The parasitic hairworm Gordionus diblastus is abundant in the Wellington region within H. crassidens populations, but occurs throughout the country. How individuals become infected with the hairworm has not been observed, but it is presumed that infection occurs after H. crassidens consumes invertebrate prey. Inside the host, the worm develops, often becoming longer than the host itself. Once the worm has matured, it modifies the host behaviour to seek out water, in which the host drowns and the worm leaves the body.

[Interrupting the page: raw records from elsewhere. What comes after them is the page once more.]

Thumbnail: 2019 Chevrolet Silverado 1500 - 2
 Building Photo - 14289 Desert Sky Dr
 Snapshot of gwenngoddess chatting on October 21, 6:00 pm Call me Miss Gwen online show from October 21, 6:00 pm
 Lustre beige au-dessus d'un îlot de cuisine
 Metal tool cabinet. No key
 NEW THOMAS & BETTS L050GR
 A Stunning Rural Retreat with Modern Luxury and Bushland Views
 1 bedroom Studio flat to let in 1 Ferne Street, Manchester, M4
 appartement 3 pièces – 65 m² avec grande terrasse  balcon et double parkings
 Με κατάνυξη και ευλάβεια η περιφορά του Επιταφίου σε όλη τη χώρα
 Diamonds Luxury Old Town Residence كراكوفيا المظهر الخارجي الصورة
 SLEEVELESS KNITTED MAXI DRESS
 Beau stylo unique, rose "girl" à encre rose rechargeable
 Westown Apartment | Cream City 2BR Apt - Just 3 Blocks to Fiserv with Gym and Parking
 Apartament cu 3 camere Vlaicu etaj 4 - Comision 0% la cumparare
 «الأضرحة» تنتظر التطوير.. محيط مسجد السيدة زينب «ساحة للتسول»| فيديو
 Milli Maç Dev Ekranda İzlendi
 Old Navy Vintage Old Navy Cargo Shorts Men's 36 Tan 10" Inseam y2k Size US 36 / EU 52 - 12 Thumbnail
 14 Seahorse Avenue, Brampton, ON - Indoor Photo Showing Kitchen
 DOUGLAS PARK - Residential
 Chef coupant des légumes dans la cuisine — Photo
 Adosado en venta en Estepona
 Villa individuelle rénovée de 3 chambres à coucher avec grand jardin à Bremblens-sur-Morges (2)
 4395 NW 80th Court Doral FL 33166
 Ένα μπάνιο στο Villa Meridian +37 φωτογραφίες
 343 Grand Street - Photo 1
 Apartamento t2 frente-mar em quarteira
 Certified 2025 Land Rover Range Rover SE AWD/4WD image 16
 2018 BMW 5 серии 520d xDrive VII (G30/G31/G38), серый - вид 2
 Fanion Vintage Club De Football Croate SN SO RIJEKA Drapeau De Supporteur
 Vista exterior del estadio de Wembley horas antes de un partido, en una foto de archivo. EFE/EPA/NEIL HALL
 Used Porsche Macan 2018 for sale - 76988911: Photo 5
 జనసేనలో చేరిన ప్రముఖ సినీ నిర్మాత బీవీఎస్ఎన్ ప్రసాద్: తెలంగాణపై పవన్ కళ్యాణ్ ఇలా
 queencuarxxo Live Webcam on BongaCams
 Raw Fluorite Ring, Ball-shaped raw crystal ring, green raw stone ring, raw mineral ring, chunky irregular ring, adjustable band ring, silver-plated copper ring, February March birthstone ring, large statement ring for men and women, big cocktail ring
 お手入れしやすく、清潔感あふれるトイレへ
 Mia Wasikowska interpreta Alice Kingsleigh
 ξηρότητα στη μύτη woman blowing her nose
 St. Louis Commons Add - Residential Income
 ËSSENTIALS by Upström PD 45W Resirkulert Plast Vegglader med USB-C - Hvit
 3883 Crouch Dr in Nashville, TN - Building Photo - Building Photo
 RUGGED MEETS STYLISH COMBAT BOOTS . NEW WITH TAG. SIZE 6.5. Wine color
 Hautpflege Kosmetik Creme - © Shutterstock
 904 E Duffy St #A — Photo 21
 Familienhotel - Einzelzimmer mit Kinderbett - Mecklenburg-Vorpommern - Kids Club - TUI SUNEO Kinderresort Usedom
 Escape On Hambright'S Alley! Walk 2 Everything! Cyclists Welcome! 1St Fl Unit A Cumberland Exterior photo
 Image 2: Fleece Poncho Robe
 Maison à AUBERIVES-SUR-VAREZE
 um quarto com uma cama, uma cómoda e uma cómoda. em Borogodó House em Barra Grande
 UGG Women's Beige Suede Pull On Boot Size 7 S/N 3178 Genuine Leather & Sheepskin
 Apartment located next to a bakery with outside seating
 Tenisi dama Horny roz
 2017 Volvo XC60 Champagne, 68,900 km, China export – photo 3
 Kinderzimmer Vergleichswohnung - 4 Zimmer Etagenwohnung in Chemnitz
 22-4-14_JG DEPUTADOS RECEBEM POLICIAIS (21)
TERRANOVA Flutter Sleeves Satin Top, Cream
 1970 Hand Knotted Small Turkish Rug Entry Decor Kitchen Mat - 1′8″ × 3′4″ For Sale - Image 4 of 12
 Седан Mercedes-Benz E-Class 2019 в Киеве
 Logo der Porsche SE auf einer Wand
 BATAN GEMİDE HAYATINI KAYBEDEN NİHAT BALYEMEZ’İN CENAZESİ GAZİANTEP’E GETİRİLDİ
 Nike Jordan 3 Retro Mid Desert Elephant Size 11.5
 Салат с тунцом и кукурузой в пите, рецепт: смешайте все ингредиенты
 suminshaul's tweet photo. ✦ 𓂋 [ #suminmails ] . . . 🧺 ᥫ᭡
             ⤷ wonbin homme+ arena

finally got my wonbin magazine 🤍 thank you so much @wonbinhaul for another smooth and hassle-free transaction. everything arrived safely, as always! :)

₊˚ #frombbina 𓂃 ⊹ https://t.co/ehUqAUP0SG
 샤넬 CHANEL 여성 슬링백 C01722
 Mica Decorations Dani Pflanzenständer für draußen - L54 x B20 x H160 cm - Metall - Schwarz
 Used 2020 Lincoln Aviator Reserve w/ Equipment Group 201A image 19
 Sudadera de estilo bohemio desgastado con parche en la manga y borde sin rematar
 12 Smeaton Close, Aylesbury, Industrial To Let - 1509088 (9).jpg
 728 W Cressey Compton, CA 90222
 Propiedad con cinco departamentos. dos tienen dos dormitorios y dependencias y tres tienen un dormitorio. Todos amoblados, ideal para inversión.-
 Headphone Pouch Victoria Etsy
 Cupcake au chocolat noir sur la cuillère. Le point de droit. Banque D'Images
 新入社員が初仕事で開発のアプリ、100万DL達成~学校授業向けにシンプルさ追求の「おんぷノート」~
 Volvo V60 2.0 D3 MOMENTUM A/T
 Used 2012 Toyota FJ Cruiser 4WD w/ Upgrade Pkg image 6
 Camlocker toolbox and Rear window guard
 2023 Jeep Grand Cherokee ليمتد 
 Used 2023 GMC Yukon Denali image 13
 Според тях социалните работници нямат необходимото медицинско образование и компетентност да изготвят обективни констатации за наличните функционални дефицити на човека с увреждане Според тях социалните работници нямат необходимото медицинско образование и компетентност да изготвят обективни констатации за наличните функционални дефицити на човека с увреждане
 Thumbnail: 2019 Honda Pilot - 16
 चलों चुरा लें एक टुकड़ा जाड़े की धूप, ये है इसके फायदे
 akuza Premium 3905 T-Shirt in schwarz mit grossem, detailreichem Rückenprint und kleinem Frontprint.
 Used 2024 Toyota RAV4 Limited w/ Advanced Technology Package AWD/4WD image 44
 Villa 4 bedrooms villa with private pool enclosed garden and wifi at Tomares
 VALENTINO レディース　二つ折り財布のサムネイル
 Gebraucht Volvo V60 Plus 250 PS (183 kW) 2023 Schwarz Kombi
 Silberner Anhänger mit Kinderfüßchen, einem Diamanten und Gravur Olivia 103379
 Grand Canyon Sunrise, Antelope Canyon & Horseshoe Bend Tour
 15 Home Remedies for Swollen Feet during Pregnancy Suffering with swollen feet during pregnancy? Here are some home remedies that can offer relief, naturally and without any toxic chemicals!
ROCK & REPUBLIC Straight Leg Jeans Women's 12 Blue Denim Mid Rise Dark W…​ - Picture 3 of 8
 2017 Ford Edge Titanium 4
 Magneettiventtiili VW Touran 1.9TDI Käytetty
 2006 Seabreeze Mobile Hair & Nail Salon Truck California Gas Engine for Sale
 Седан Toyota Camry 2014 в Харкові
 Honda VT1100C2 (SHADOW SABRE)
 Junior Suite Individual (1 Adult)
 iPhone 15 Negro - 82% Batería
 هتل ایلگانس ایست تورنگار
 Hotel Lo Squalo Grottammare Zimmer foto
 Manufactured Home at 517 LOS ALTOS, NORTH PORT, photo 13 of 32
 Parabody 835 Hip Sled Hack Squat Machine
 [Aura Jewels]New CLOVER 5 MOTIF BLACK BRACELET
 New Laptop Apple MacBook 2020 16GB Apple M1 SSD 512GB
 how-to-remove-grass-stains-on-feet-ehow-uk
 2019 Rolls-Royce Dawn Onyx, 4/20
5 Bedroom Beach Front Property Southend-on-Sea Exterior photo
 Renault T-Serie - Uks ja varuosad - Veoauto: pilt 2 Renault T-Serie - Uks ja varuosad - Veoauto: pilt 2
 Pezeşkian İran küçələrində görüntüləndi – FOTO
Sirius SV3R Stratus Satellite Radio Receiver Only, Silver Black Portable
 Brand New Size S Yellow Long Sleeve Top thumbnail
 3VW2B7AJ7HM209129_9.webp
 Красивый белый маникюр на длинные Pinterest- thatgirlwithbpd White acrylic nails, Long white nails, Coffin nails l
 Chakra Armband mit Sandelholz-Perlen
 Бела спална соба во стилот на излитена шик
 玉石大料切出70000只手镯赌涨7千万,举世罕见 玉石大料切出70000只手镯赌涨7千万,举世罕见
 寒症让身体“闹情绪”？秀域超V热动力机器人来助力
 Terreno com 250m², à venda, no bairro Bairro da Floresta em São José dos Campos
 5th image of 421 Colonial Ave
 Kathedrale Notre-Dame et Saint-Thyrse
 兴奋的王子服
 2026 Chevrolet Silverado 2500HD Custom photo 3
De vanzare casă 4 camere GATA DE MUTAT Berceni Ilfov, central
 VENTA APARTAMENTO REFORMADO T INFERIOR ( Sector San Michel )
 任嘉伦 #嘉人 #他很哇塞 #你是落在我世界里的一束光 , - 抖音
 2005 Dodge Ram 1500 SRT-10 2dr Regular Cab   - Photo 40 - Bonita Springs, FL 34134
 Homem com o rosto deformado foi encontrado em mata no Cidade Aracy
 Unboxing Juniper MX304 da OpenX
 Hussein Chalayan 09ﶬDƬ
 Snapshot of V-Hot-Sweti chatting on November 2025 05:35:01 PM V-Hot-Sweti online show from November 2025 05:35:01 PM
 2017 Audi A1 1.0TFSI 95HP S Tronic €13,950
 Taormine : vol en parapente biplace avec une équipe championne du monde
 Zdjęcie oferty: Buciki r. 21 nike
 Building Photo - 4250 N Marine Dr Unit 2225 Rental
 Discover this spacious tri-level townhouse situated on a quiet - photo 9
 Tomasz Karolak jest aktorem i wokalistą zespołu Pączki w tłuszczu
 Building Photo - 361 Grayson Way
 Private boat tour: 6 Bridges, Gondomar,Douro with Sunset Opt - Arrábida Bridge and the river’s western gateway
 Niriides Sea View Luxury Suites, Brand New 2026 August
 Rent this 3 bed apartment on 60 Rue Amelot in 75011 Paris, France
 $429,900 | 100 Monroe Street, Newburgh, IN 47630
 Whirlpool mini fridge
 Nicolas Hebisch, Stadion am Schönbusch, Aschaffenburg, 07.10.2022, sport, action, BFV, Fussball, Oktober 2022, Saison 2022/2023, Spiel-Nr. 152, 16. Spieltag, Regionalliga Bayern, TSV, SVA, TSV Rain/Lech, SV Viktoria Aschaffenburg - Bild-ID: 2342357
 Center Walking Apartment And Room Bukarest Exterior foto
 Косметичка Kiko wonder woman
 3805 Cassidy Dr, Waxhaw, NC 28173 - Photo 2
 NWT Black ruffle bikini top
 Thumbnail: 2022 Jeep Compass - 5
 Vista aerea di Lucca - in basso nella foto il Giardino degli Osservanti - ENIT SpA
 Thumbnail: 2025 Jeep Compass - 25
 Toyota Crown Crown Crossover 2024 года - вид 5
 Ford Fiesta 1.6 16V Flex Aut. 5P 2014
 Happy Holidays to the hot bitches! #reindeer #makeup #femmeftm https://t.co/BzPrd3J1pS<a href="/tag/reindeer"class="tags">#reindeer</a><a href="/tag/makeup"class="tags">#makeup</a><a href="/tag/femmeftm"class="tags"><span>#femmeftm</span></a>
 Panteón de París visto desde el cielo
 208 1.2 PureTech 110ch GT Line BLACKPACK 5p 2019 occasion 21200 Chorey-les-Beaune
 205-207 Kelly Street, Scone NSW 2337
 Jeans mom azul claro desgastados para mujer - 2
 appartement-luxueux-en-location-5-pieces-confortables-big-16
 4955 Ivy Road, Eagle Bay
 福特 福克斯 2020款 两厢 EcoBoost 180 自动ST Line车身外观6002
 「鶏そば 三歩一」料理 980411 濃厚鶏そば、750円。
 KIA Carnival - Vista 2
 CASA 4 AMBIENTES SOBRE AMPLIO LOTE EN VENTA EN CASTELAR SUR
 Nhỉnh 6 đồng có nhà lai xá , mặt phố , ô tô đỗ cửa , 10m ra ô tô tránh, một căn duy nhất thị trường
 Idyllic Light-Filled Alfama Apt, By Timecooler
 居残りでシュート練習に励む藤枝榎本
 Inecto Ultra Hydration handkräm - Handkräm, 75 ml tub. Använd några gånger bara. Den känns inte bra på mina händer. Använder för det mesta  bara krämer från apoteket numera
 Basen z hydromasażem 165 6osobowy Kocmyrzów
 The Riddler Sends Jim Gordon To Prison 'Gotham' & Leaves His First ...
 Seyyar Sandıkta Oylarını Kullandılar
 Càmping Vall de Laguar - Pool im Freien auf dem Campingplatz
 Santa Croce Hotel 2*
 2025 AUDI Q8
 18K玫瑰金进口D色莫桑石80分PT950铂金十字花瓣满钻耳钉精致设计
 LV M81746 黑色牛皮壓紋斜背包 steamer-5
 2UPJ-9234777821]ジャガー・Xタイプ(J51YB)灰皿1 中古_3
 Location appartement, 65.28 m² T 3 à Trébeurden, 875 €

Nothotrombicula deinacridae, a species of mite, parasitises H. crassidens by latching onto soft parts of the host and sucking up fluid. One study investigated whether either sex of H. crassidens is more heavily parasitised by this mite, but found that the rate of parasitism was equal between sexes.

== Genetics ==
In the southern parts of its distribution, which extends throughout most of its range in the South Island, H. crassidens have a 19 karyotype (a complete set of chromosomes), with 19 chromosomes in the male or 20 in the female. However, north of the Buller River in the South Island, H. crassidens has a 15 karyotype, with males having 15 chromosomes and females 16. In contrast to this, the closely related H. trewicki has 17 (male) or 18 (female) chromosomes.

== Conservation ==
The number of suitable galleries in an area is considered to be a major limiting resource of H. crassidens. The construction and distribution of artificial refuges has been suggested as a possible conservation strategy to try and increase populations of H. crassidens and H. thoracica.

Under the New Zealand Threat Classification System, this species is listed as "Not Threatened" as of 2022. The population is considered stable. H. crassidens has been reported as "Not Threatened" in previous assessments.